10 April 2014, News Wires – Brent futures eased towards $107 per barrel on Thursday on the back of weak Chinese trade data, as investors booked profits after gains of 2% over the past two days.
The losses were stemmed by optimism over a healthier demand growth outlook from the Asian giant and the US.
China’s exports unexpectedly fell for the second straight month in March while import growth dropped sharply, intensifying concerns about weak manufacturing and slowing growth in the world’s second-largest economy.
But the country’s customs bureau sounded optimistic about the outlook, saying it saw a pickup in the second quarter due to an improving trade environment. The nation’s crude imports were little changed from a month earlier.
Brent crude fell $0.49 to $107.49 per barrel by Thursday morning, after gaining $2.16 over the past two days.

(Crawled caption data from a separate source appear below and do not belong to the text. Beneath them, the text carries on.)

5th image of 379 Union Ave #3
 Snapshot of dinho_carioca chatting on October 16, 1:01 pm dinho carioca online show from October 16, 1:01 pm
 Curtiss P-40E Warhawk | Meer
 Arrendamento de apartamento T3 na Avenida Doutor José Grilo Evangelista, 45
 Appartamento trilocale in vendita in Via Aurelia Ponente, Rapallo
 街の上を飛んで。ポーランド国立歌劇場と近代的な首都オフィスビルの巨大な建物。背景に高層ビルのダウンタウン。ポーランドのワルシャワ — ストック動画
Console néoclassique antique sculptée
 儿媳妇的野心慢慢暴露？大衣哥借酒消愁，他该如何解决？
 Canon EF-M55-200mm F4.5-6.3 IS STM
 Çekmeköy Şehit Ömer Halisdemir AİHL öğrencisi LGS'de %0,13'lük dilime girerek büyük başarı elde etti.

US crude fell $0.38 to $103.22.
“We are seeing a further pull-back in oil because China’s trade numbers fell short of expectations,” OptionsXpress market analyst Ben Le Brun told Reuters. “Overall, crude import numbers seem healthy and it shows that oil demand is still there, but oil is just one side of the story.”`
There has been a run of weaker-than-expected data out of China this year that has raised fears the economy may be slowing more than had been previously expected.
“The market is reacting to the overall trade numbers and it looks like participants are trying to gauge if these weak overall numbers will make China announce some stimulus, more spending on infrastructure to boost growth,” Le Brun said.
Further losses were also stemmed after minutes of the latest US Federal Reserve’s policy meeting suggested the central bank may be more cautious towards raising interest rates, easing market concerns of a pullback in stimulus before the economy is ready.
“Oil prices look set to rise on the back of a continued soft monetary policy that will allow U.S. consumers to spend more,” Le Brun said.
A steep fall in gasoline stockpiles in the US also put a floor on oil prices, and helped overshadow a rise in overall crude stockpiles in the world’s top consumer.
Gasoline stocks fell by 5.2 million barrels to 210 million barrels in the week ending 4 April, Energy Information Administration data showed, more than the expected 729,000-barrel draw. Demand for gasoline was 4.4% higher than a year ago at 8.8 million barrels per day.
Crude inventories rose 4 million barrels to 384 million barrels, much more than the 1.3-million-barrel build expected by analysts polled by Reuters.
Oil also drew additional support from tensions in Ukraine and the Middle East.
Libya’s state-run Petroleum Facilities Guard (PFG) took full control of eastern-most Hariga oil port on Wednesday, but a handover by rebels to the PFG had yet to happen at the Zueitina port, a PFG spokesman said.